On the private side, we are engaged in a project with the California Gold Strike Partnership, an economic development initiative of the California Department of Commerce, which includes a contract with the Rand Corp. to study managed-care companies and how they assess and pay for technology. Rand will release that report in March and we expect to work with the managed-care industry to identify follow-up steps and to help our members implement better managed-care policies.

Q. Is it encouraging to HIMA members that United Healthcare has decided to allow its physicians to make coverage determinations without restrictions?

A. Yes, in the sense that all healthcare is still local. In the end, these decisions must be made by the individual physician and patient. There is a role for outcomes data and often it is the managed-care company that has that data, and can best share it with the individual physician. But I think United has signaled that we're moving into another stage in the development of managed care—one that will benefit rapid patient access to technology.

Q. Given the fact that most people's insurance coverage is sponsored in some way by their employers, to what extent are large employers involved in this process? Does HIMA work to help them understand healthcare policy issues?

A. In Washington, HIMA is involved with some of the large employer groups on major healthcare issues. We don't, however, participate in the relationship between individual employers and their health plans. However, to the extent that outcomes data and evidence-based medicine is made more broadly available, employers will come to understand the positive and ultimately cost-effective role that technology can play in improving patient care.

Q. Last year's HIMA meeting featured a session on consumer-driven healthcare. How active is HIMA in consumer education?

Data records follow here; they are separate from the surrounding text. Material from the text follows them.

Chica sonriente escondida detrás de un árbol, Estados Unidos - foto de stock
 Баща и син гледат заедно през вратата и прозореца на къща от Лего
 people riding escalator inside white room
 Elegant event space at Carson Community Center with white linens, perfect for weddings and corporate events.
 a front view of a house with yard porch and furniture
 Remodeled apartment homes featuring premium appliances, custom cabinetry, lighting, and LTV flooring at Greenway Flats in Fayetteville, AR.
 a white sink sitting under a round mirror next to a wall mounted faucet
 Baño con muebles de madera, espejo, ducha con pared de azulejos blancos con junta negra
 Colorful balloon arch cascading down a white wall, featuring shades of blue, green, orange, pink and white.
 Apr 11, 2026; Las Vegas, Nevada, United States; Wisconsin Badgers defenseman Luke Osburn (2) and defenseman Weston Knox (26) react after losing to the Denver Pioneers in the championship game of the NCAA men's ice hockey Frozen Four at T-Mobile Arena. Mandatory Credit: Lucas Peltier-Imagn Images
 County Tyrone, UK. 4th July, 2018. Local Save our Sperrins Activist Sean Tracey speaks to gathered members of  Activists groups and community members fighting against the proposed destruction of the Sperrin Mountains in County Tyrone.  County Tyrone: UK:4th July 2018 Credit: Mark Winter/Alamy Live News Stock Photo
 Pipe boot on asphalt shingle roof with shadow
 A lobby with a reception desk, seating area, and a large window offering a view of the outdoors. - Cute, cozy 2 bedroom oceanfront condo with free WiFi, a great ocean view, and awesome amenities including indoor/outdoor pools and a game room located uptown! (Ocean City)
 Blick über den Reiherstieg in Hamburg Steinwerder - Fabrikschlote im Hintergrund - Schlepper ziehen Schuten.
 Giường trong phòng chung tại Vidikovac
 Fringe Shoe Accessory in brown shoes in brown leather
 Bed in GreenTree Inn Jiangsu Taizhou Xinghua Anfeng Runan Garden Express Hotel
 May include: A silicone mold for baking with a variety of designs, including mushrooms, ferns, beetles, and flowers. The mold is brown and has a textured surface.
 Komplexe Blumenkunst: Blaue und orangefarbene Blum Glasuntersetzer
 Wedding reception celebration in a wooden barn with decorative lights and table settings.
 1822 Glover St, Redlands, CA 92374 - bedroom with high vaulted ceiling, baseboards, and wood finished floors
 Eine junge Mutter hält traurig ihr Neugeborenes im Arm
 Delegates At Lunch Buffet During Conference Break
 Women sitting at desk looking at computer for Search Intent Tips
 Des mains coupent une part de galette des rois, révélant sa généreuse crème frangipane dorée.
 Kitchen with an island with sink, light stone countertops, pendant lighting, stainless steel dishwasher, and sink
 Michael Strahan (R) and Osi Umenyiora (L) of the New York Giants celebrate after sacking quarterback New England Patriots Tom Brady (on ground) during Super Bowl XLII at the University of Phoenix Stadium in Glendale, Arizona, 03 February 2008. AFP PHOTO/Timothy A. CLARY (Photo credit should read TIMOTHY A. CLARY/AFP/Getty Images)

A. Well, I think we are definitely moving toward a consumer-driven healthcare system in which consumers will have considerably more information available to them. They are already much better informed than in the past—through Internet sources, for example. As novel treatments develop that can be fundamentally tailored to the individual needs of each patient, patients will be more involved than ever in the decision-making process with their physicians. This is part of the evolution and strengthening of our system, which will be better off for it. As an organization, HIMA will be involved in broad healthcare reform issues that influence consumers on many levels—treatment for the uninsured, ways in which employer-based coverage can be improved, and many other issues and proposals now coming to the table.

BIOGRAPHY
Pamela G. Bailey has worked in both the public and private sectors of health policy for nearly 30 years. During the early 1970s, she served on the White House staff as the assistant director of the domestic council. From 1975 to 1981, she was director of government relations for the American Hospital Supply Corp., and from 1981 to 1983 she was assistant secretary for public affairs for the Department of Health and Human Services. After another four-year stint on the White House staff, Bailey was named president of the National Committee for Quality Health Care in 1987. Prior to joining the Health Industry Manufacturers Association (HIMA) in June of 1999, she served from 1988 to 1999 as president of the Healthcare Leadership Council. As HIMA's president, she is responsible for developing and implementing legislative and communication strategies in the health policy arena to ensure timely patient access to technology.